Pada bulan Ramadhan tahun itu, hari Senin terulang sebanyak empat kali. Yaitu pada tanggal ke 7, 14, 21, dan 28. Dalam hadits-hadits nabawi dianjurkan untuk mencari lailatul qadr pada sepuluh hari terakhir di bulan Ramadhan. Bahkan ada yang lebih spesifik lagi, yaitu pada hari-hari ganjil. Dengan demikian, lailatul qadr terjadi pada malam ke 21. Karena 7, 14 dan 28 tidak memenuhi kriteria sebagaimana yang disebutkan dalam gabungan hadits-hadits yang ada. Lantas benarkah, malam keberkahan tersebut terjadi pada hari itu. Allahu a’lam. Sangat banyak pendapat yang mengatakannya. Ada yang menjadikan bulan Ramadhan secara umum. Ada yang mengkhususkan pada sepuluh hari terakhir. Ada yang mengkhususkan lagi pada hari-hari ganjil di sepuluh hari tersebut.
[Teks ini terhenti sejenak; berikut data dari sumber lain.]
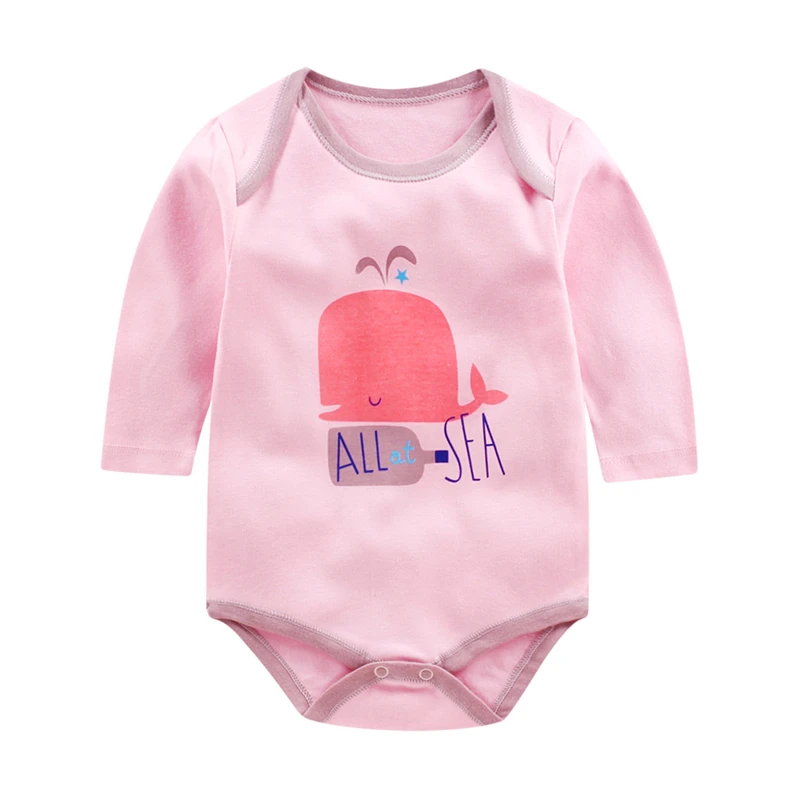 Детские Комбинезоны для малышек весенняя одежда мальчиков хлопок Комплект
Ada yang berpendapat pada hari 27. Dan seterusnya.

Rahasia Keberkahan Itu

Mengapa Allah merahasiakan malam keberkahan tersebut? Sungguh hikmah Allah Swt. demi keseriusan hamba-hamba-Nya dalam berusaha. Kesungguhan dalam mencari malam keberkahan tersebut. Seandainya hijab tersebut dibuka dan malam tersebut diketahui siapa saja, kemungkinan besar hari-hari dan malam-malam lain akan ditinggalkan oleh mereka yang malas. Karena demikianlah tabiat manusia. Kikir dan malas berusaha serta sangat ingin menerima lebih banyak dari yang seharusnya.
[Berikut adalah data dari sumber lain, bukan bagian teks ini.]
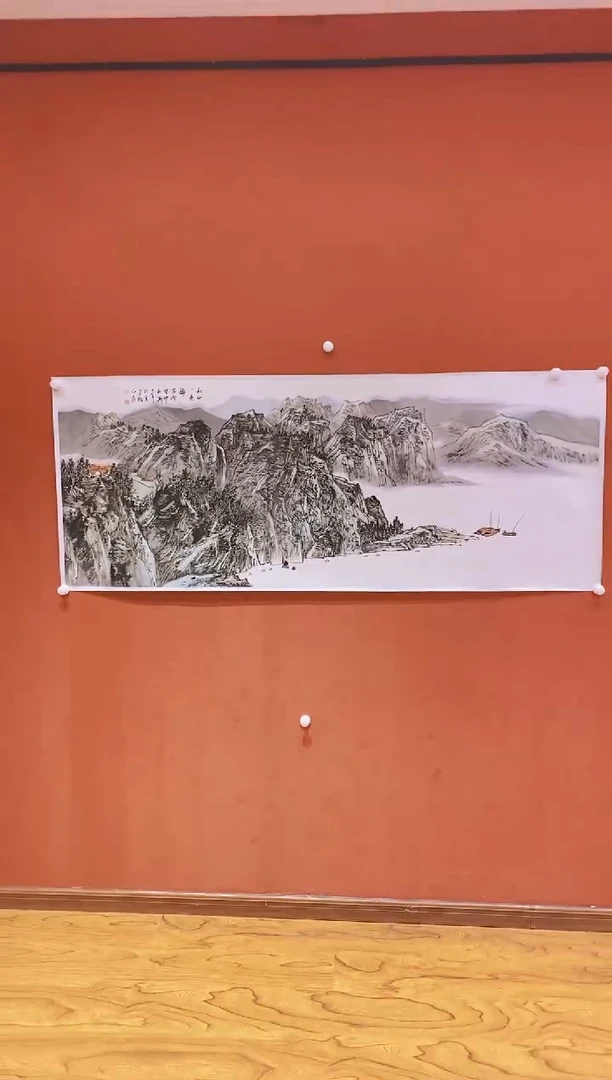 【闪购商品】国画姜奇红皮书113页原作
Kesungguhan beribadah pada malam keberkahan tersebut tak lain adalah pemaknaan kepasrahan yang dalam dari seorang hamba yang menyerahkan segala-Nya pada Sang Pencipta.

Penghambaan yang terefleksi dalam kesungguhan beribadah dan totalitas penjiwaan di dalamnya. Ada kekhusyukan. Ada ketakutan. Ada pengharapan.

Kepasrahan dalam menerima cinta dan kasih sayang-Nya serta berharap atas keampunan-Nya terhadap kekhilafan manusiawi yang dilakukannya.

Masihkah setelah ini ada keraguan? Atau bahkan keputusasaan?

Sungguh, saatnya sekarang inilah bagi kita untuk memburu hari pembebasan kita dari kemurkaan dan kemarahan Allah. Karena kita telah memiliki cinta-Nya. Yakinlah itu. Kita sedang memburu ampunan-Nya. Dan kemudian pembebasan itu benar-benar diberikan kepada kita. Saatnya sudah dekat. Jangan kita jauhkan dengan kelalaian, kesalahan bersikap, keteledoran dan berbagai kebodohan. “Wahai pemburu kebaikan gunakan kesempatan ini, wahai para pendosa berhentilah”.

Maka nikmat Tuhan kamu yang manakah yang kamu dustakan”. (QS. 55:13)

Wisma Appia, Sabtu Siang

Jenewa, 21.08.2010


*Sebuah kado peringatan Nuzulul Qur’an di Jenewa yang diadakan di Ruang Nusantara, PTRI Jenewa, Sabtu, 18 Ramadan 1431 H/ 28 Agustus 2010 M.

** Mahasiswa Program S3 Jurusan Tafsir dan Ilmu-ilmu al-Qur’an, Universitas Al-Azhar, Cairo.